**Work to be completed**
Lines from the one containing "Draft Horse POWER" through the end of the material are to be retyped exactly; do not copy pictures.

[Supplied records Boundary: Start]

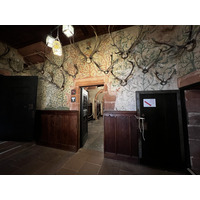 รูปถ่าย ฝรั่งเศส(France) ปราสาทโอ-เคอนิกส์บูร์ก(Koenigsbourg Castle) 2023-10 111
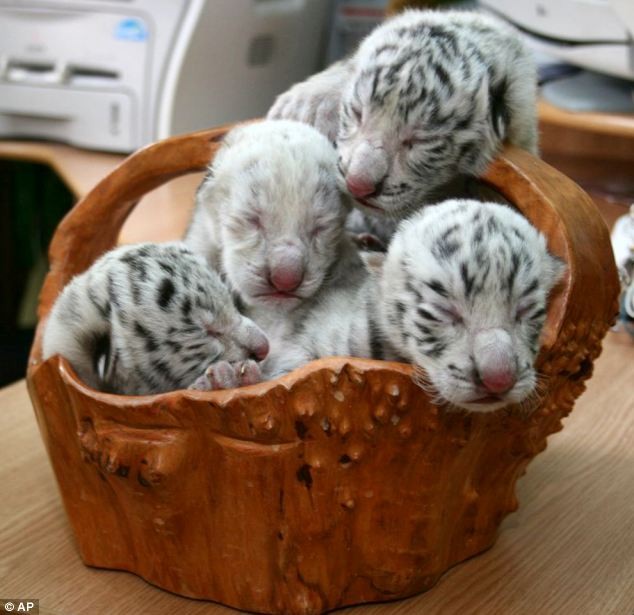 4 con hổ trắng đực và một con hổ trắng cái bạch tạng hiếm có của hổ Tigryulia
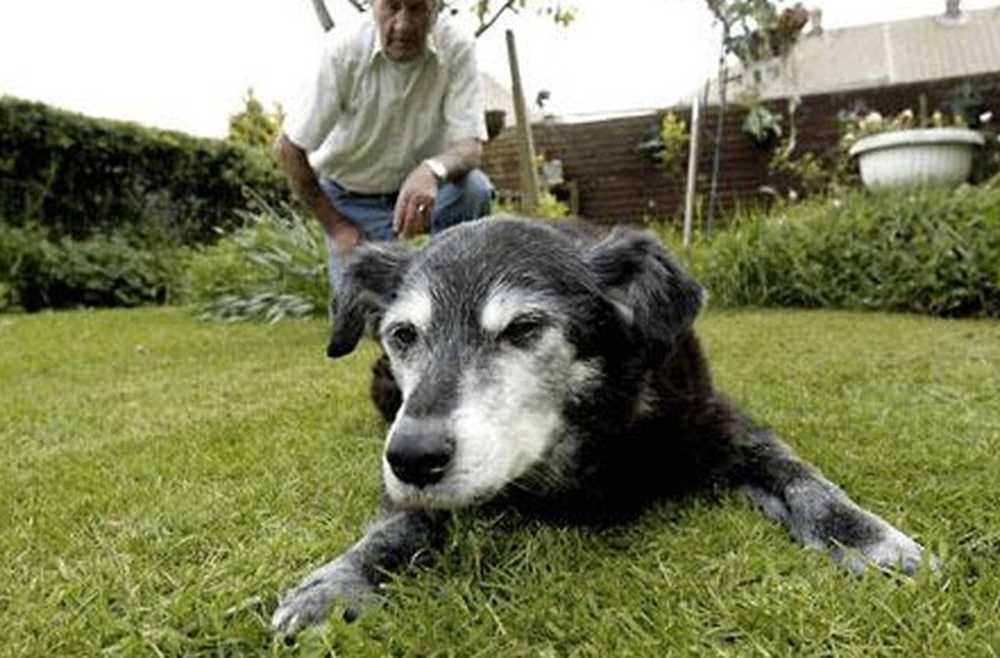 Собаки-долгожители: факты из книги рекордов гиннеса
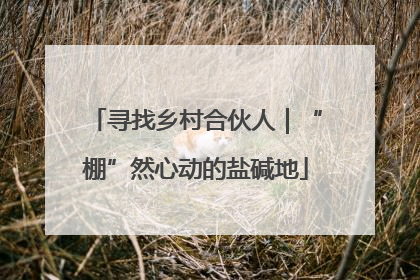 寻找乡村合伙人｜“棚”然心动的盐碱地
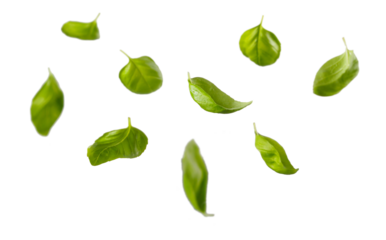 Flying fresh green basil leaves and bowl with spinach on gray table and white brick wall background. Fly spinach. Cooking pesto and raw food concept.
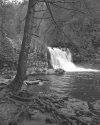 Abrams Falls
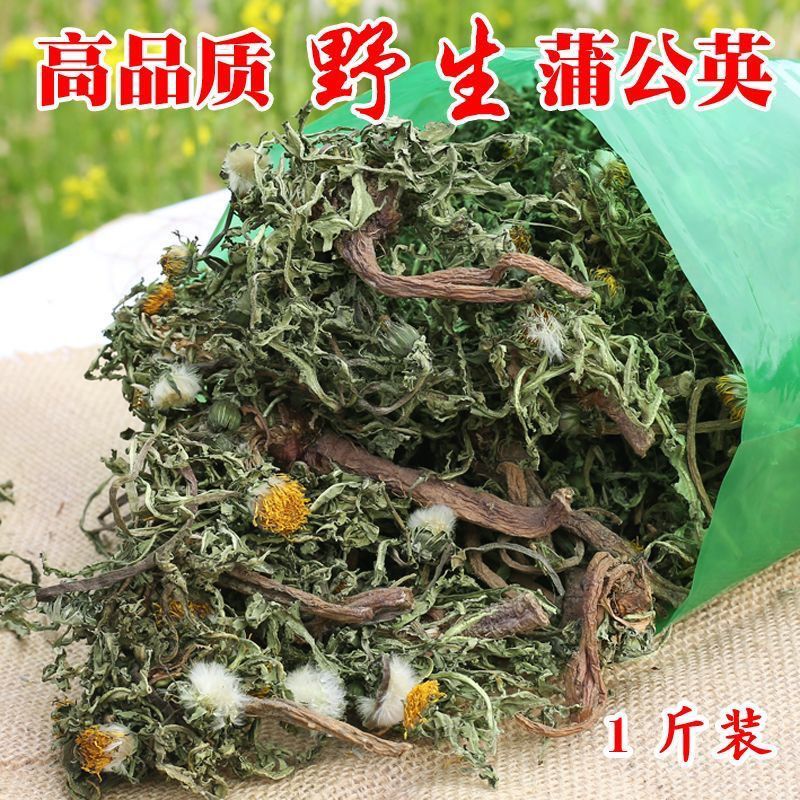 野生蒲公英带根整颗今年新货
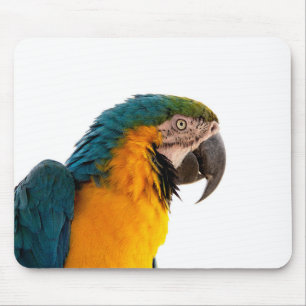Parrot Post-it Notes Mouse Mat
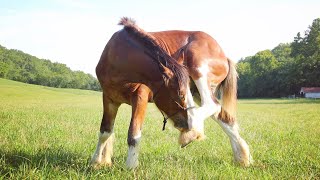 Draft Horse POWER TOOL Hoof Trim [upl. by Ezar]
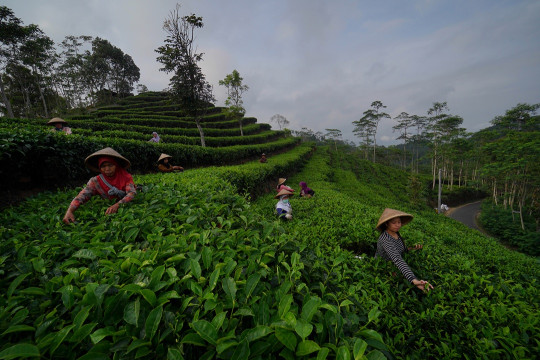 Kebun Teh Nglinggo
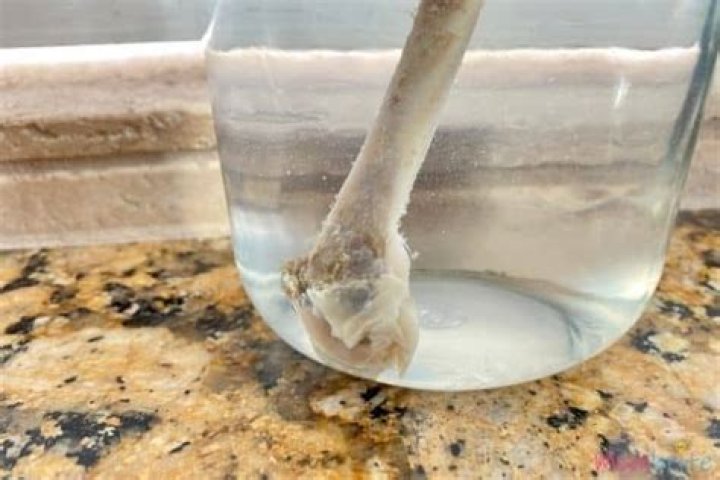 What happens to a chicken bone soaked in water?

[Supplied records Boundary: End]

**Answer to this problem**
 Draft Horse POWER TOOL Hoof Trim [upl. by Ezar]
 Kebun Teh Nglinggo
 What happens to a chicken bone soaked in water?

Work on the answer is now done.